MCR Development CEO Tyler Morse recently led a tour of the ongoing restoration at the TWA Flight Center and revealed a model guest room of the new TWA Hotel.

The hotel, which is set to open in spring 2019, will be set in two low-rise buildings behind the terminal and

will feature 512 guest rooms inspired by the terminal’s roots in the early days of air travel.

The TWA Flight Center, which was designed by Eero Saarinen, first opened at JFK Airport in 1962 and will serve as the centerpiece of the hotel after being closed down since 2001.

"We are putting a box around 1962 for this hotel and we're bringing back the ethos of 1962 with everything we do here," said Morse.

A tour of the model guest room designed by Stonehill Taylor revealed various highlights from the time period, including Knoll furnishings, brushed brass lighting, wood warm accents, a rotary phone, a Hollywood-style bathroom, and even a martini bar for guests to enjoy.
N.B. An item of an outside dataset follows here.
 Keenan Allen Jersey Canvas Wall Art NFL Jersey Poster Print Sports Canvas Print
According to Morse, guests will also be able to enjoy views of the terminal or flights taking off from the comfort of their room without hearing them due to the hotel's thick glass curtain walls.
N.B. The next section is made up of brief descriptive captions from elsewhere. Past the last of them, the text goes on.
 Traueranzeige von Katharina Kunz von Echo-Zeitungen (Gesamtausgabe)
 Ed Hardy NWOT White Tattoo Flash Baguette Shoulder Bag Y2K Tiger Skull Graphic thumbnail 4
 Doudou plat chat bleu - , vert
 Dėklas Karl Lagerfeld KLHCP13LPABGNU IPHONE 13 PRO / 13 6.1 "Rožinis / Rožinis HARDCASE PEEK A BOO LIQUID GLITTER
The restored TWA Flight Center will serve as the hotel's lobby for an estimated 10,000 visitors daily, and will be accessible to all terminals via AirTrain.

Guests will be able to visit rebuilt classic spaces such as the sunken lounge, Paris Café, Constellation Club, Ambassador's Club, Lisbon Lounge, and even walk across the flight tubes that connect to JFK Terminal 5.

A Lockheed Constellation "Connie" L-1649A Starliner will be repurposed for a cocktail lounge, and there will be a museum centered on the Jet Age, the mid-century design movement, and TWA.

In addition, the flight center will contain amenities such as high-end retailers, rooftop pool, observation deck, fitness center, restaurants and bars that will be accessible to the public.

Morse explained the aesthetic throughout the hotel will allow visitors to appreciate and experience the excitement of air travel at the time.

“It's a bit of stepping back in time to a magical period," said Morse. "It was a terrific time for New York, it was a terrific time for America. Anything was possible, people were circling the Earth."